23 febbraio 2016

Iniziativa per l’attuazione: ingiustificata e odiosa!


E’ auspicabile che il popolo svizzero il prossimo fine settimana (28 febbraio 2016) dimostri chiaramente quanto sia ingiustificata e odiosa l’iniziativa per l’attuazione dell’espulsione dei criminali stranieri.

L’iniziativa mi pare ingiustificata perché la materia è già disciplinata esaustivamente dalla legge e i tribunali sono i soli competenti per la sua applicazione. Occorre anche tener conto che qualsiasi legge ha attenuanti e aggravanti e solo i giudici possono valutare la gravità del reato commesso e commisurare la pena da infliggere al condannato.
Accettando l’iniziativa si sottrarrebbe al giudice ordinario la pienezza delle sue prerogative. Inoltre, nel caso di reati gravi, i giudici sarebbero obbligati ad espellere lo straniero «a prescindere dall’entità della pena inflitta» e persino nel caso di reati minori se ripetuti nell’arco di dieci anni.
L’espulsione quale pena accessoria deve poter essere inflitta caso per caso, ma dev’essere il giudice a deciderla in base alle sue opportune valutazioni.
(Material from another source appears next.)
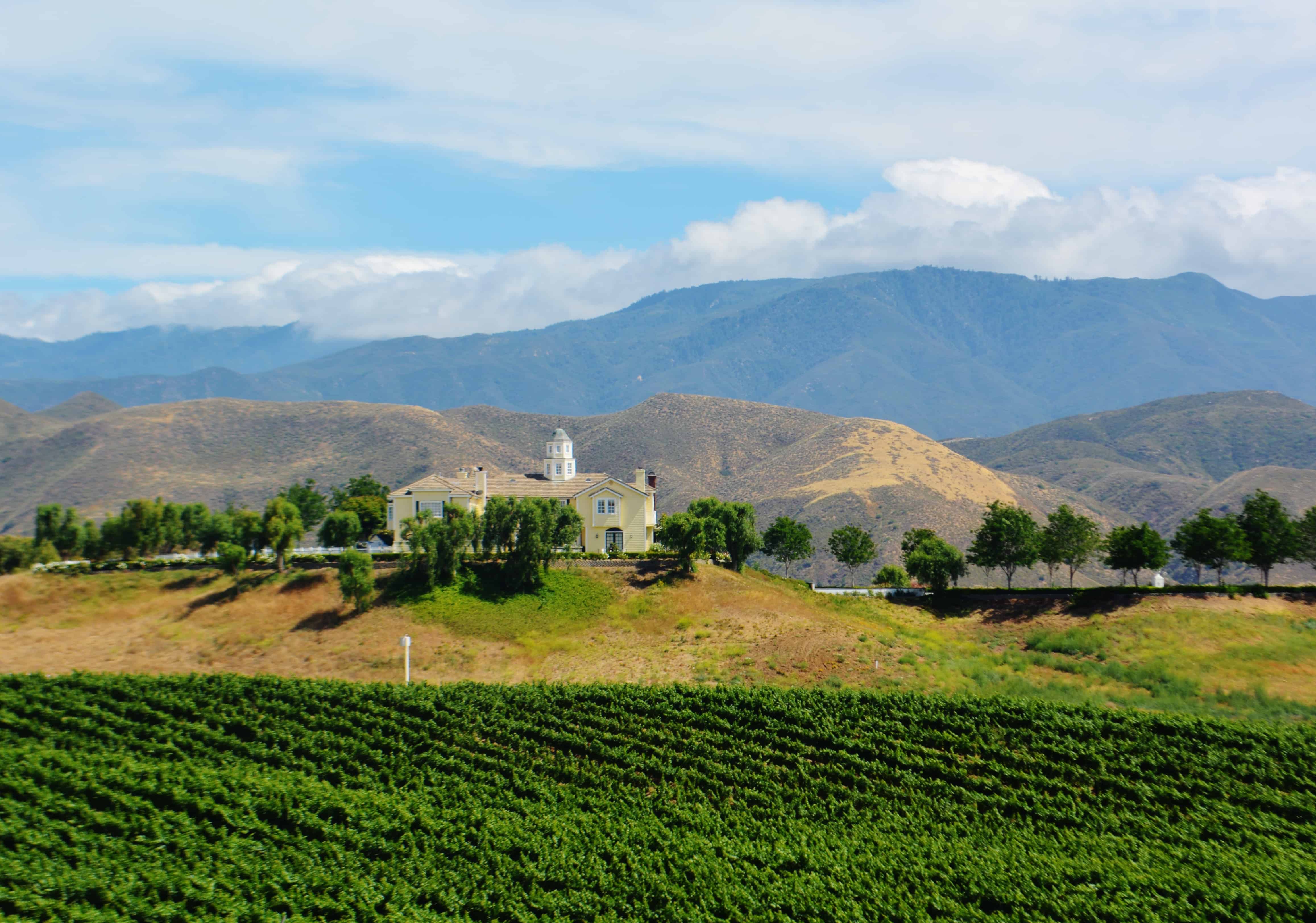 Winery and Mountain Views in Temecula California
Guai, per uno Stato di diritto – e la Svizzera lo è - se il giudice venisse privato di questo potere.
L’iniziativa è anche particolarmente odiosa, dal punto di vista dei cittadini immigrati o rifugiati e, si spera, della maggioranza del popolo svizzero, perché presuppone ancora una concezione dello straniero già superata da tempo. Era la concezione, tanto per intenderci, di Schwarzenbach e seguaci, secondo cui gli stranieri in questo Paese potevano restare finché servivano e si comportavano bene e dovevano andarsene quando non servivano più o non erano più graditi, secondo il motto «braccia sì, uomini no» (film del 1970), che richiamava la celebre frase di Max Frisch: «Abbiamo chiamato braccia… e sono venuti uomini» (1965). Da allora però sono passati, si spera non invano, cinquant’anni.
Andrebbe inoltre ricordato ai sostenitori dell’iniziativa che gli stranieri residenti non sono più solo numeri o solo braccia da sfruttare, ma persone titolari di tutti i diritti, tranne quelli politici, spettanti ai cittadini di questo Paese, in cui vivono, pagano le tasse e si comportano come loro. Non sarebbe giusto se dovessero pagare, anche penalmente, più dei cittadini svizzeri. Pertanto nei loro confronti si deve applicare né più né meno la stessa giustizia applicata ai cittadini svizzeri. La giustizia è raffigurata bendata proprio perché non fa e non deve fare distinzione in base alla nazionalità, alla provenienza o al colore della pelle. La giustizia è uguale per tutti.
Sono fiducioso. Non penso che la maggioranza del popolo svizzero sia rimasta ferma all’epoca della xenofobia imperante o che sia disposta a rinnegare gli indubbi progressi compiuti nel campo del rispetto e dell’integrazione degli stranieri. Tanto più che, accettando l’iniziativa, rinnegherebbe la stessa democrazia diretta, di cui a giusta ragione gli svizzeri vanno fieri, perché significherebbe lasciarsi manipolare facilmente e soccombere allo strapotere di una sola parte, populista e certamente minoritaria nel Paese.
Giovanni Longu

22 febbraio 2016

Italiani in Svizzera: da manovali a eccellenze



Sabato scorso 20.2.2016 si è conclusa a Grenchen, al Kultur-Historisches Museum, alla presenza di un pubblico folto e interessato, la Mostra fotografica sull’Emigrazione italiana, visitata in pochi mesi da centinaia di visitatori. La mostra, organizzata da un gruppo misto italo-svizzero guidato da Salvatore Faga, presentava uno spaccato di vita quotidiana, lavorativa, formativa e associativa di generazioni di immigrati italiani nella regione. Aveva un titolo significativo: «Si pensava di rimanere poco», che lascia facilmente intuire il seguito «e invece...). Per l’occasione sono stato invitato a tenere una relazione con un titolo non meno significativo e più esplicito: «Italiani in Svizzera: da manovali a eccellenze».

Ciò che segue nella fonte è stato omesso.